Next, an example of combining display of a Head Mounted Display (HMD) based on video content will be described. In the examples shown in fig. 11 and 12, for example, the content is stored in a medium (such as a disk or a memory). Examples of the content include content transmitted from the cloud and temporarily stored in the local-side device. Such content includes content with high interactive characteristics, such as games. In the content, a video portion is displayed on the HMD 600 via the video processing portion 420. In this case, when a scene in the content indicates a place with large reverberation, such as a church or a hall, it is considered that reverberation processing may be performed offline to a voice of a person or a sound of an object in the place during generation of the content, or reverberation processing (rendering) may be performed on the reproducing apparatus side. However, in this case, the sensation of immersion in the content deteriorates when the user's own voice or the real sound around the user is heard.

The system according to this embodiment analyzes video, sound, or metadata included in content, estimates a sound field environment used in a scene, and then matches the user's own voice and real sound around the user with the sound field environment corresponding to the scene. The scene control information generating section 422 generates scene control information corresponding to the estimated sound field environment or the sound field environment specified by the metadata. Next, a reverberation type closest to the sound field environment is selected from the reverberation type database 408 according to the scene control information, and the DSP 404 performs reverberation processing based on the selected reverberation type. The microphone signal subjected to the reverberation processing is input to the adder 426, convoluted into the sound of the content processed by the sound/audio processing section 424, and then reproduced by the sound output apparatus 100. In this case, the signal in the sound convoluted into the content is a microphone signal subjected to reverberation processing corresponding to the sound field environment of the content. Therefore, in the case where a sound event occurs while viewing the content, such as outputting own voice or generating real sound around the user, the user hears own voice and real sound with reverberation and echo corresponding to the sound field environment indicated in the content. This enables the user to feel as if the user is in the sound field environment of the provided content by himself, and the user can sink deeply into the content.

Fig. 11 assumes a case where the HMD 600 displays content created in advance. Examples of content include games and the like.

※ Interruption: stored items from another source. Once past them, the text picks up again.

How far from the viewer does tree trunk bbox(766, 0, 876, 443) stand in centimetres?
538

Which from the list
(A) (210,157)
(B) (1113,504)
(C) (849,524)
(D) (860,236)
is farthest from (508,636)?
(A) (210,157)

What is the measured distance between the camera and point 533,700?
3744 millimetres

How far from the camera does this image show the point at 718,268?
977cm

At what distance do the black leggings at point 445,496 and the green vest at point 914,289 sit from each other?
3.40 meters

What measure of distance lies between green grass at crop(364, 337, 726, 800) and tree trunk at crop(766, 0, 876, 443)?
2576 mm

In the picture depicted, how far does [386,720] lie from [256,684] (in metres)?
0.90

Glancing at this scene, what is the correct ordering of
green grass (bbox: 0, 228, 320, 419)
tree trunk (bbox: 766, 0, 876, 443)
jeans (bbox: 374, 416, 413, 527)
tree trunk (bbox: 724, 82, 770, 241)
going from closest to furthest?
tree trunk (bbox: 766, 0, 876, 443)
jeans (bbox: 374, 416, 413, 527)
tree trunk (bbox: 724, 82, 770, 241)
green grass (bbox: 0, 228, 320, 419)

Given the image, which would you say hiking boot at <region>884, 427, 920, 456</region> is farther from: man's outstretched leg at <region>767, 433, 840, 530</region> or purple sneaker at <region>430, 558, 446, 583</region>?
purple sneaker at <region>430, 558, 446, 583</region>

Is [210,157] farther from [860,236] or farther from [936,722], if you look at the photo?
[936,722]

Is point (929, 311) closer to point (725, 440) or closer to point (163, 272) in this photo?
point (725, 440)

On the other hand, for example, an example of the use case similar to fig. 11 includes a system configured to display a real scene (environment) around the device on the HMD 600 by providing the HMD 600 with a camera or the like or by using a half mirror, and provide a see-through experience or an AR system by displaying CG objects superimposed on the real scene (environment).

Even in this case, for example, when the user wants to create a sound field environment different from the real position based on the video of the surrounding situation, the sound field environment can be created by using a system similar to fig. 11. In this case, as shown in fig. 12, unlike the example in fig. 11, the user is viewing the surrounding situation (such as the fall of something, the voice from someone). Therefore, visual and sound field expressions can be obtained based on the surrounding conditions (surroundings), and more realistic visual and sound field expressions can be obtained. Note that the system shown in fig. 11 is the same as the system shown in fig. 12.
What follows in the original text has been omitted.